▶ _THE PROBLEM_: Begin at the line where "Kool shen repond au clash de tepa" appears and reproduce exactly every line through the end of the data below, both included, skipping pictures.

▶ _DATASET EXCERPTS_:

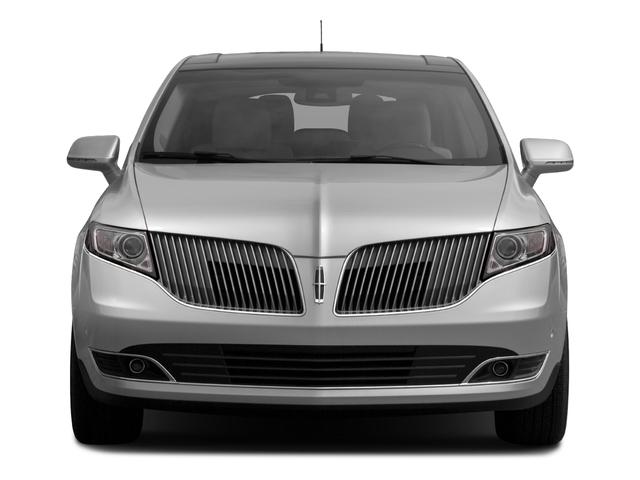 used 2016 Lincoln MKT car, priced at $12,287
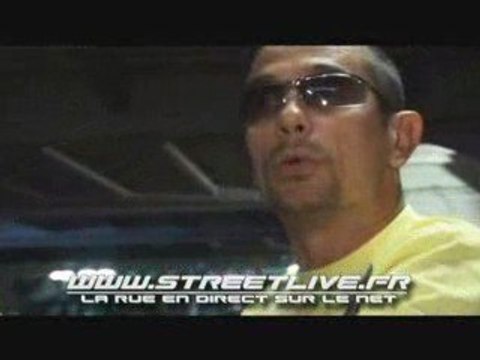 Kool shen repond au clash de tepa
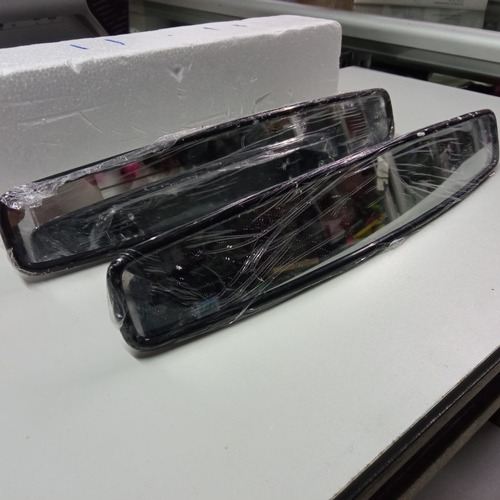 Espejo Retrovisor Camion Trailer Auto Nuevo Cod3856 Asch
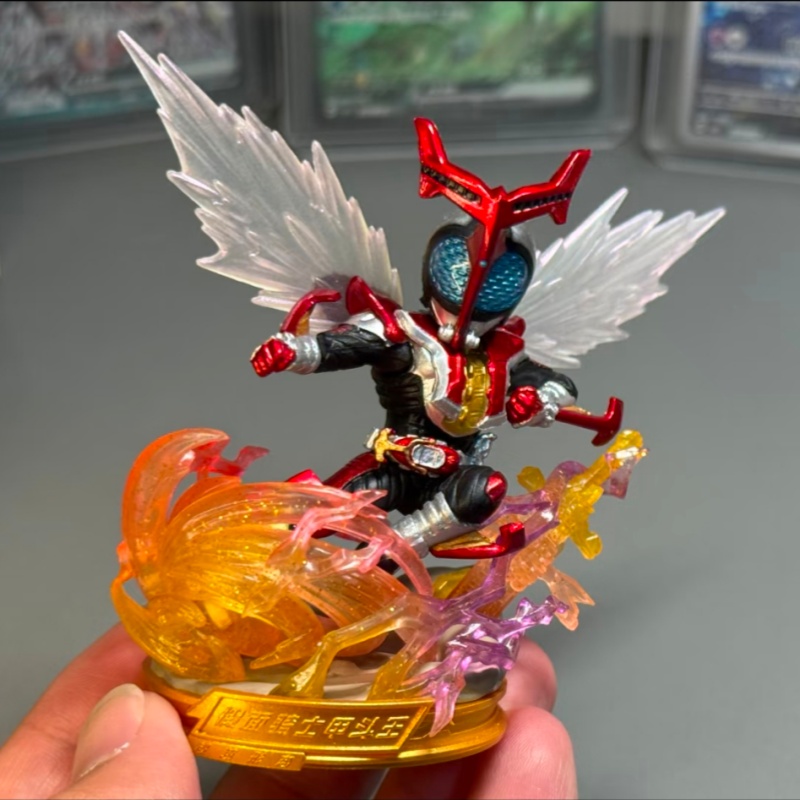Originale Kayou Kamen Riders B - Model Kit Fantasy recensione e prezzo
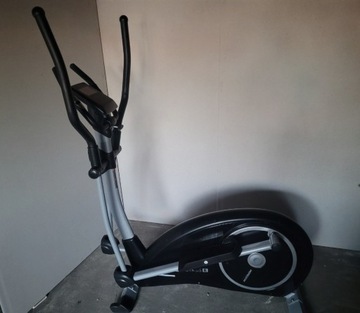 Trenażer Orbitrek Horizon Fitness Syros E 2 magnet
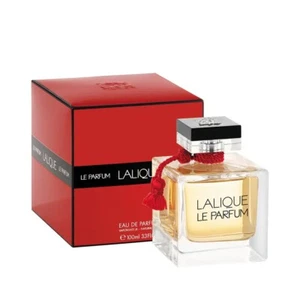 Le Parfum By Lalique 3.4 Fl oz 100 ml EDP Spray Women New In Box Perfume - Picture 1 of 1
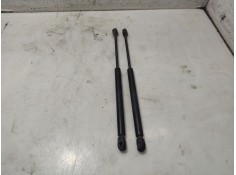 Recambio de amortiguador porton trasero derecho para renault clio ii (bb_, cb_) 1.5 dci (b/cb08) referencia OEM IAM 7700842256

▶ _RESPONSE TO THIS TASK_:
 Kool shen repond au clash de tepa
 Espejo Retrovisor Camion Trailer Auto Nuevo Cod3856 Asch
Originale Kayou Kamen Riders B - Model Kit Fantasy recensione e prezzo
 Trenażer Orbitrek Horizon Fitness Syros E 2 magnet
 Le Parfum By Lalique 3.4 Fl oz 100 ml EDP Spray Women New In Box Perfume - Picture 1 of 1
 Recambio de amortiguador porton trasero derecho para renault clio ii (bb_, cb_) 1.5 dci (b/cb08) referencia OEM IAM 7700842256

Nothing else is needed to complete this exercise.